Open models are made much more interesting and exciting and relevant by new generations of AI focused hardware such as the AMD Strix Halo and Apple Mac Studio M3.
GPUs have failed to meet the demands for lower cost and more memory so APUs look like the future for self hosted LLMs.
> new generations of AI focused hardware
Some benchmarks are not encouraging. See e.g. https://www.hardware-corner.net/mac-studio-m3-ultra-deepseek...
That «AI focused hardware» will either have extremely fast memory, and cost prohibitively, or have reasonable costs, and limits that are to be assessed.
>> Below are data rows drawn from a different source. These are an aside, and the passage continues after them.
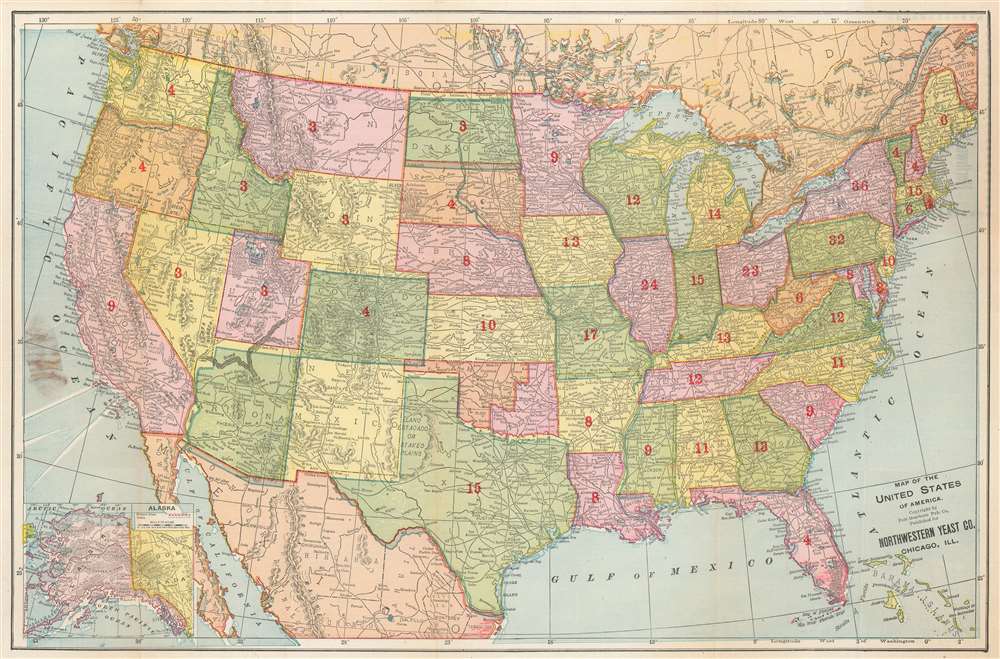 Map of the United States of America. - Main View
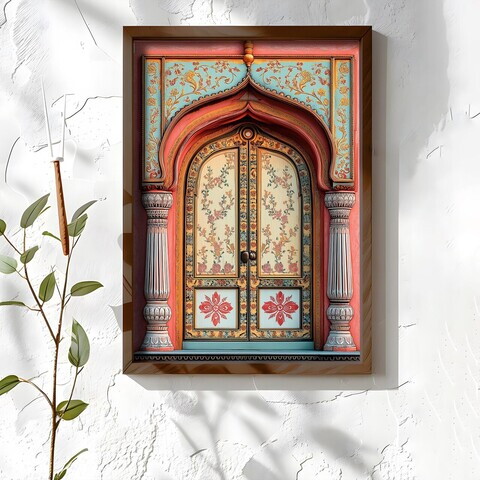 Tablou decorativ, NAL046-70, MDF, Lemn masiv, Multicolor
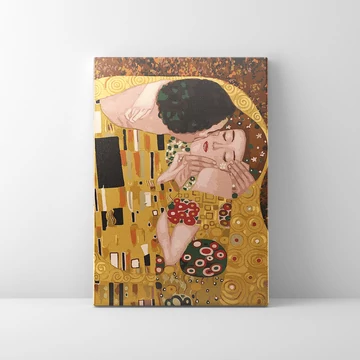 A csók (Gustav Klimt) - Számfestő készlet, kerettel (30x40 cm)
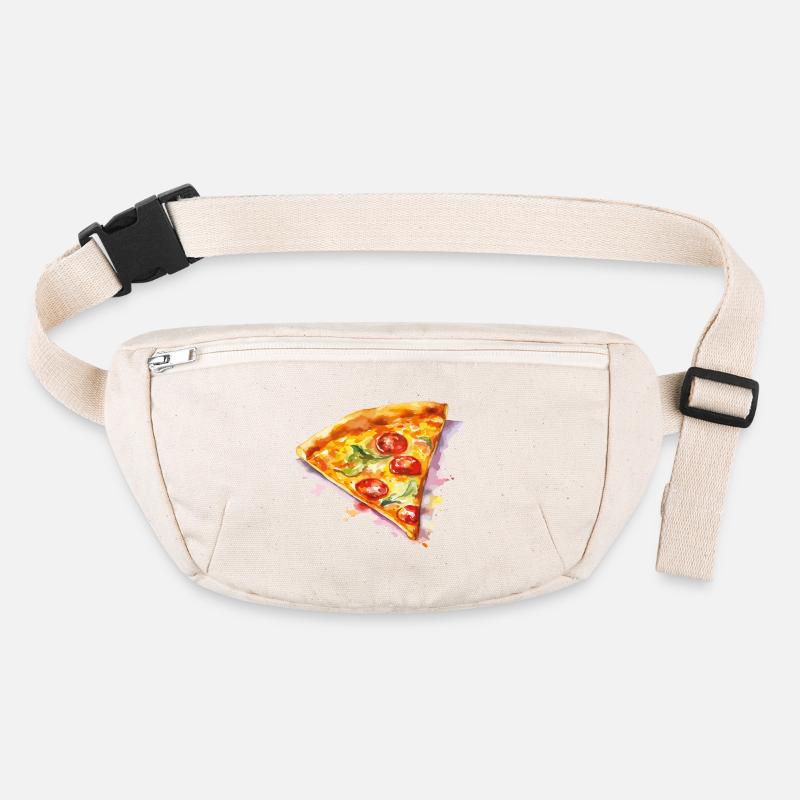 Tranche de pizza aquarelle Sac banane recyclé Stanley/Stella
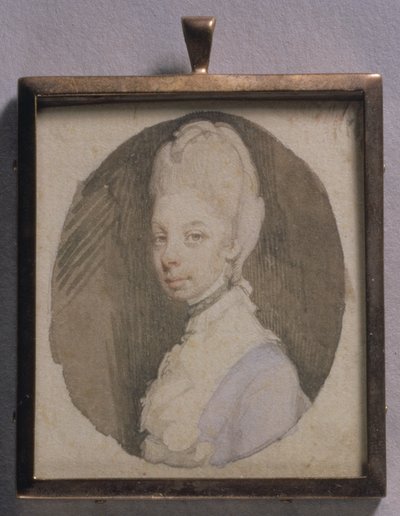Portrait miniature de la reine Charlotte, c.1772 - Jeremiah Meyer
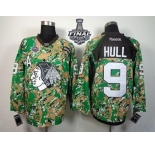 NHL Chicago Blackhawks #9 Bobby Hull Camo Veterans Day Practice 2015 Stanley Cup Stitched Jerseys
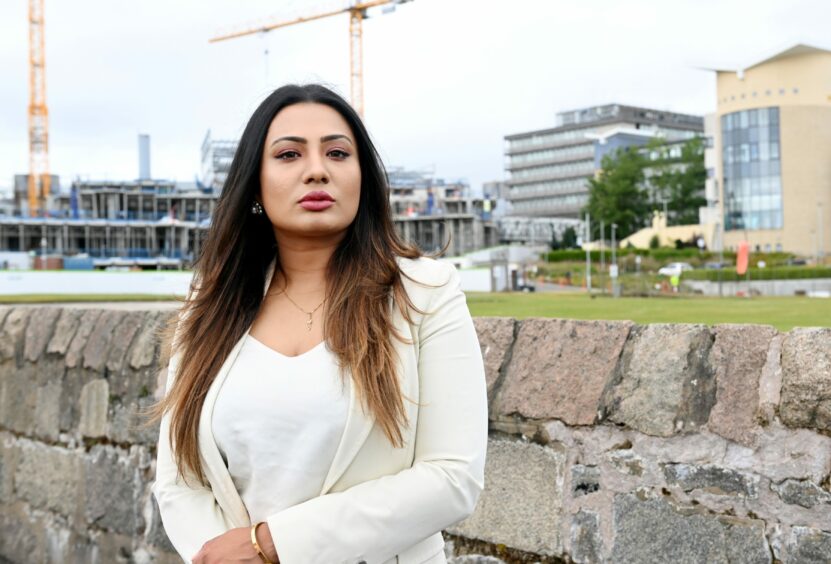 Labour councillor Deena Tissera worries changes to Aberdeen City Council services could open the back door to privatisation. Image: Kami Thomson/DC Thomson.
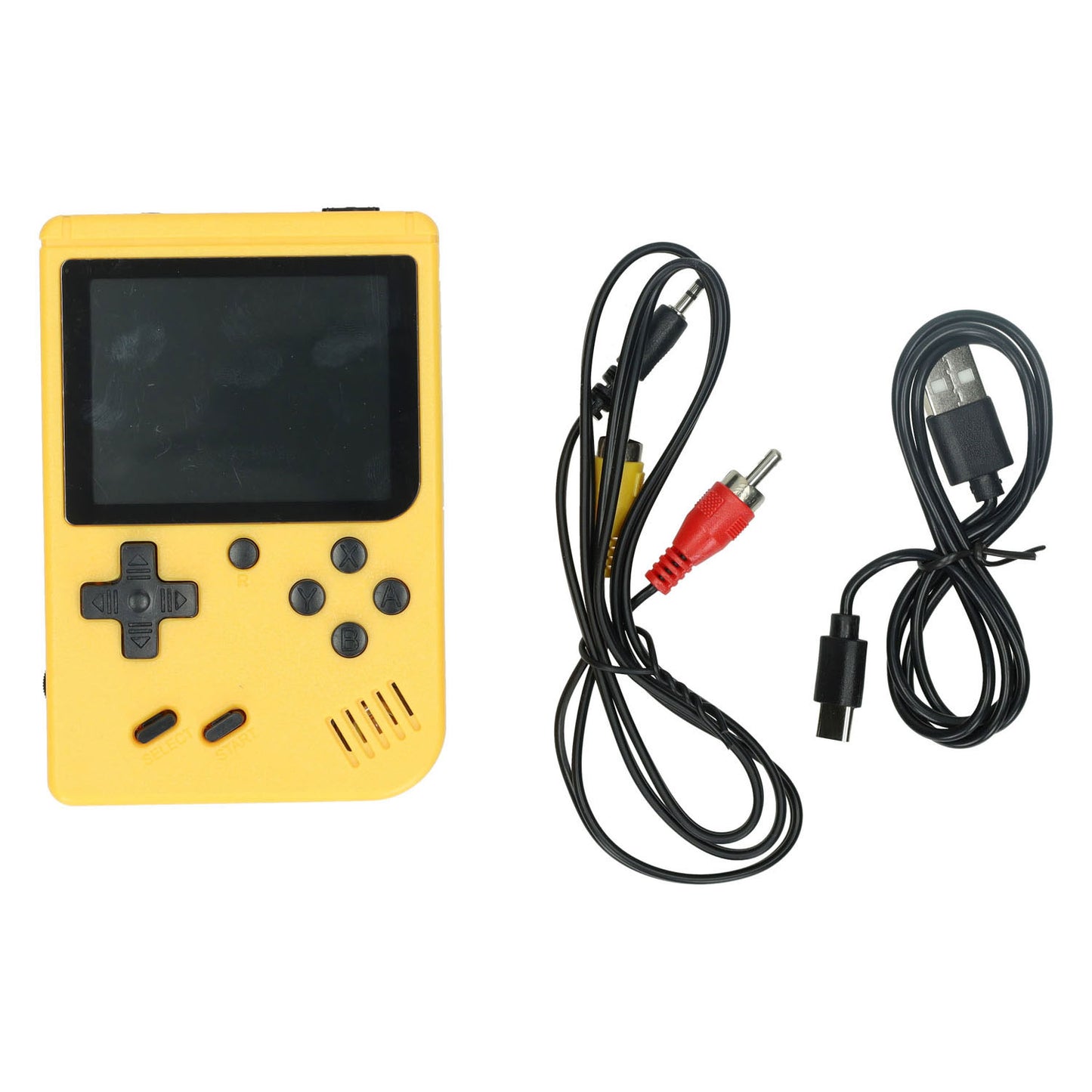 GAMEBOX - Draagbare Spel Console met 200 Spellen - Geel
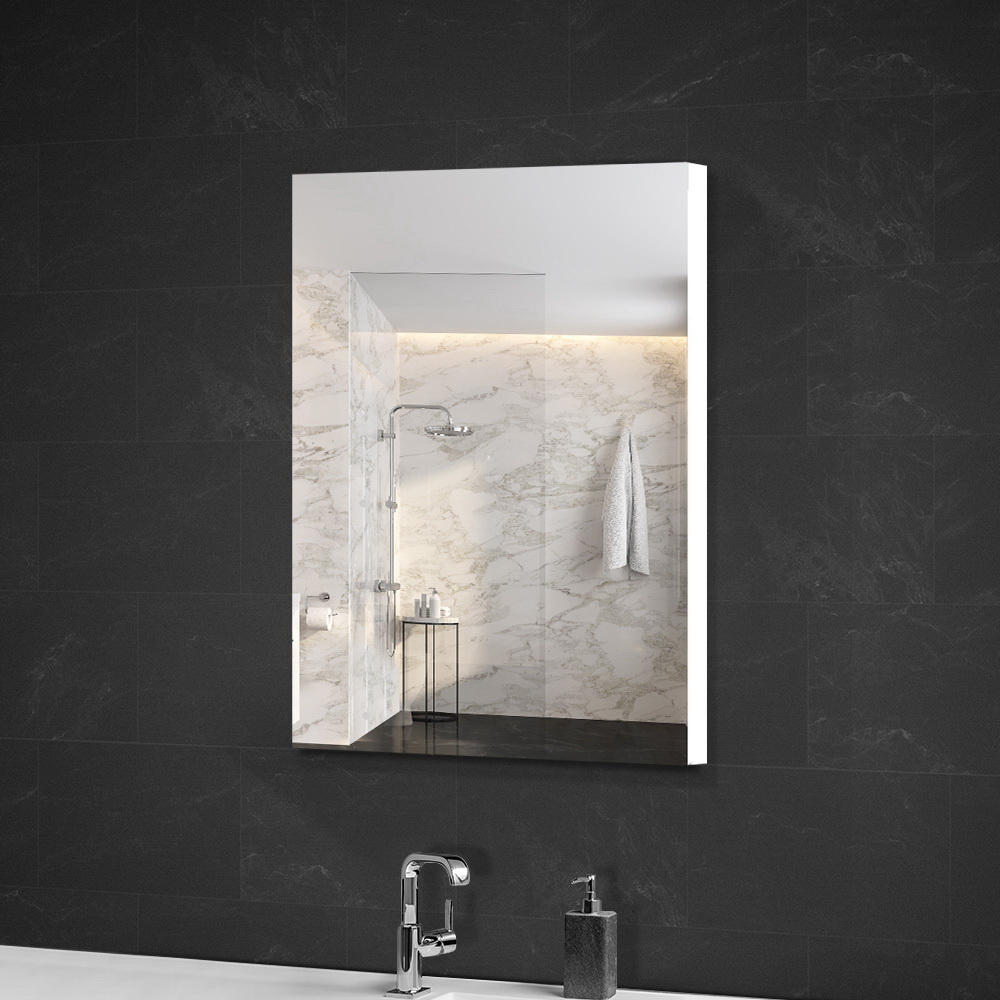 Cefito Bathroom Vanity Mirror with Storage Cavinet – White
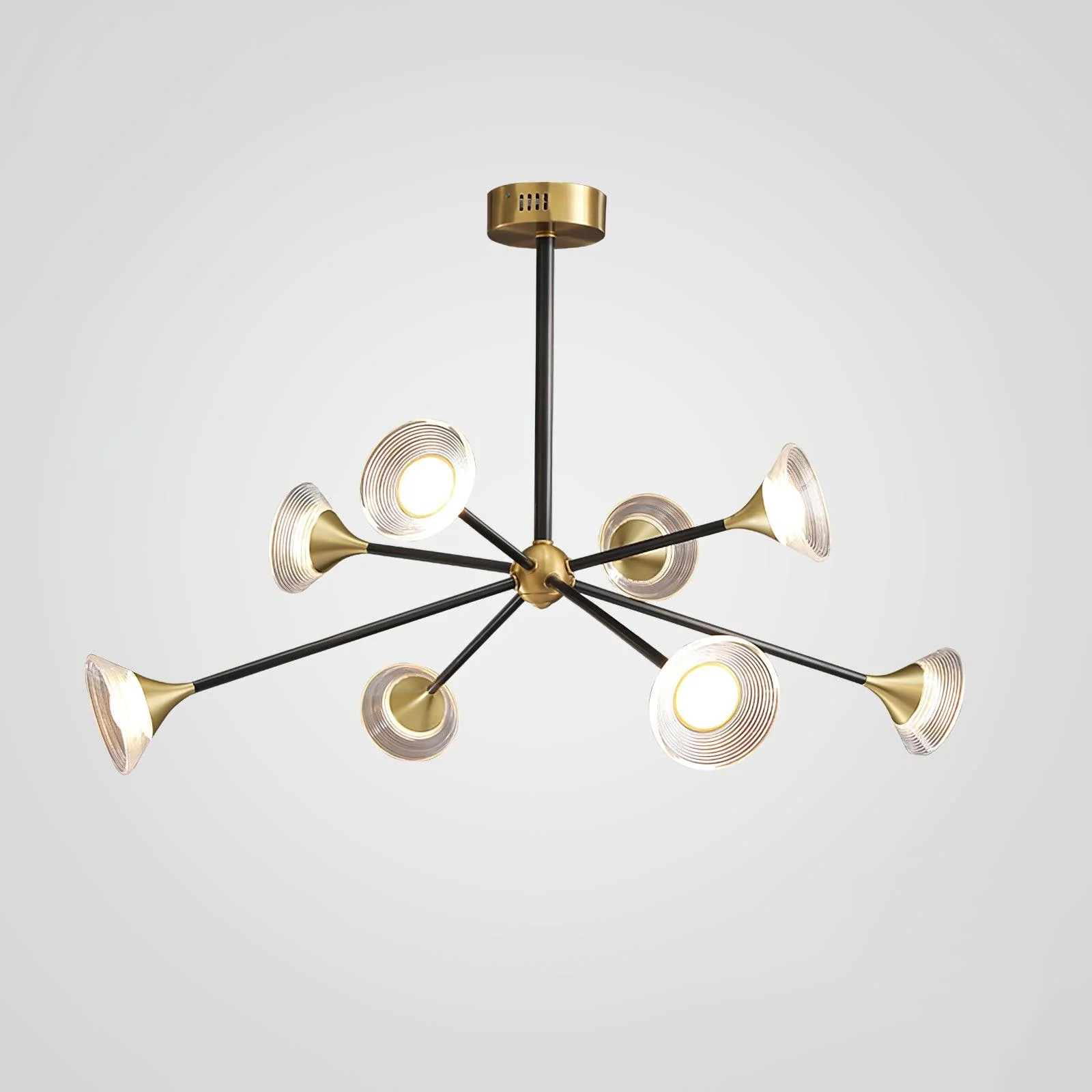 Myzoraris Mid Century Modern Glass Chandelier - Image 2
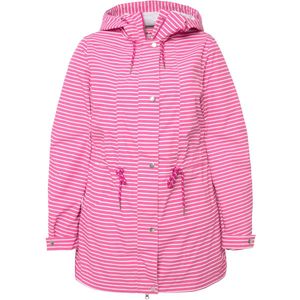 Ulla Popken - Functionele Jas - Pink/Wit - Regenjas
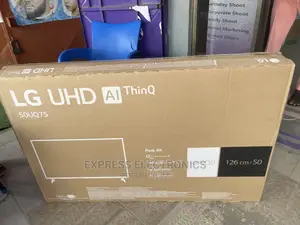 5”0UQ75003 UHD Smart LG Sleek Design Quality Display+Dstv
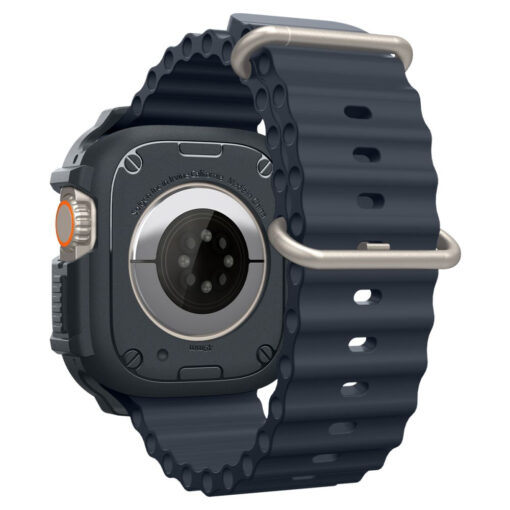 Apple Watch 49 mm rihm Rugged Armor silikoonist hall 3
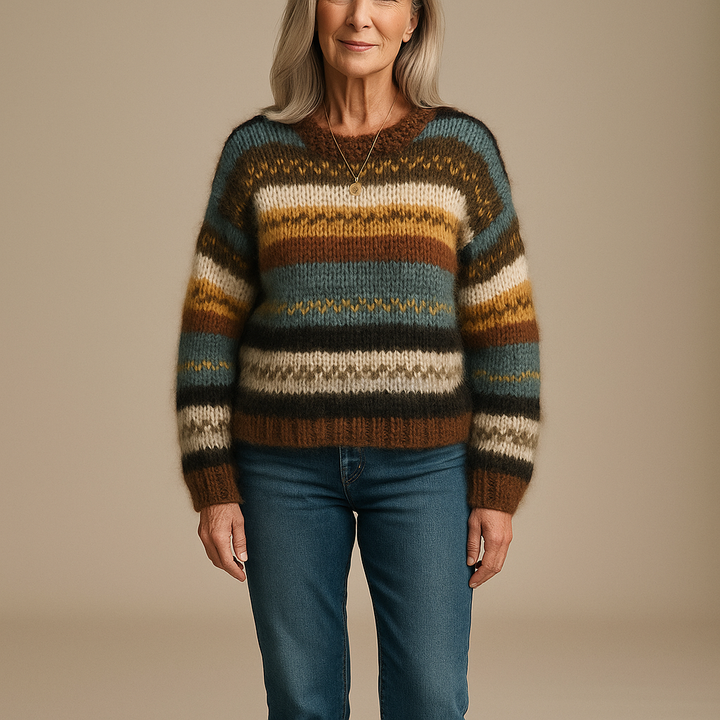 EMILY™ | STRIPE KNIT SWEATER
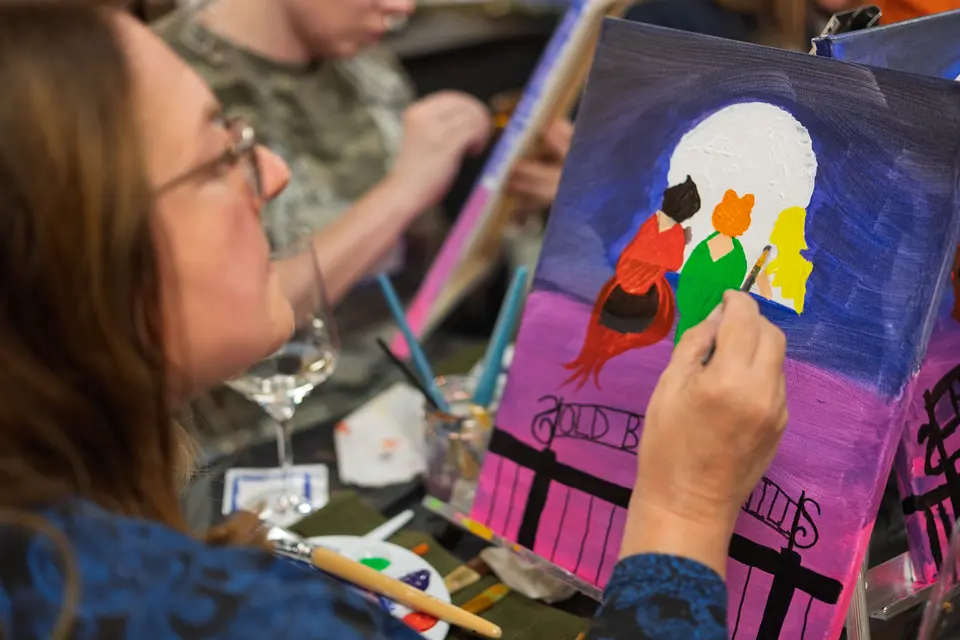 Photo 108 of 126, painting Hocus Pocus at Greenville Beer Exchange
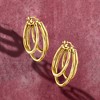 Ross-Simons Italian 14kt Yellow Gold Triple-Hoop Earrings - 4 of 4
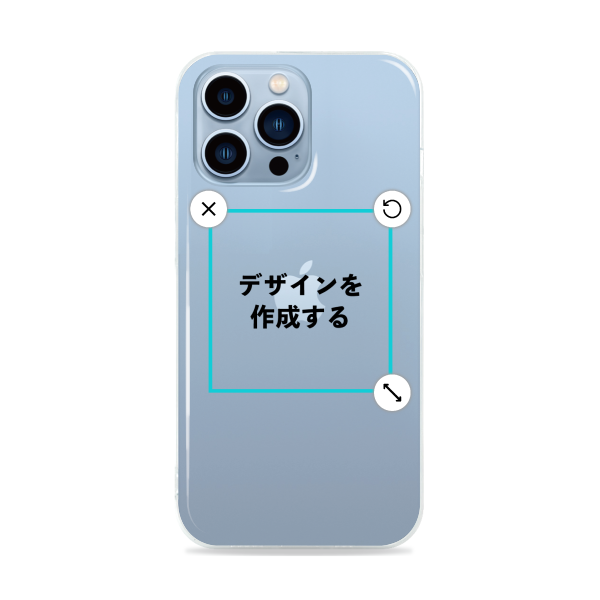 オリジナルiPhone13Proソフトスマホケース透明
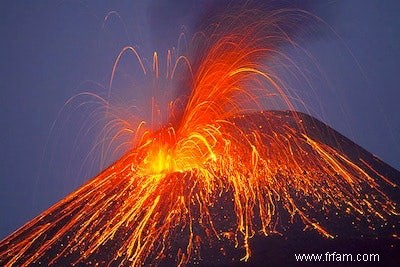 Les volcans crient des éruptions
Errrr that’s a 671B model.
Yes, but what will you need as you will prepare to be set for your personal needs?
We are far from having reached optimal technology at trivial cost. State-of-the-art commercial VRAM is over 10x faster than the standard one - and costs well over 10x.
Reasonably available speeds may or may not be acceptable.
For single user, maybe. But for small teams GPUs are still the only available option, when considering t/s and concurrency. Nvidia's latest 6000pro series are actually reasonably priced for the amount of vram / wattage you get. A 8x box starts at 75k eur and can host up to DS3 / R1 / Llama4 in 8bit with decent speeds, context and concurrency.
What teams bother to do that, though? It's easier to call an API or spin up a cloud cluster.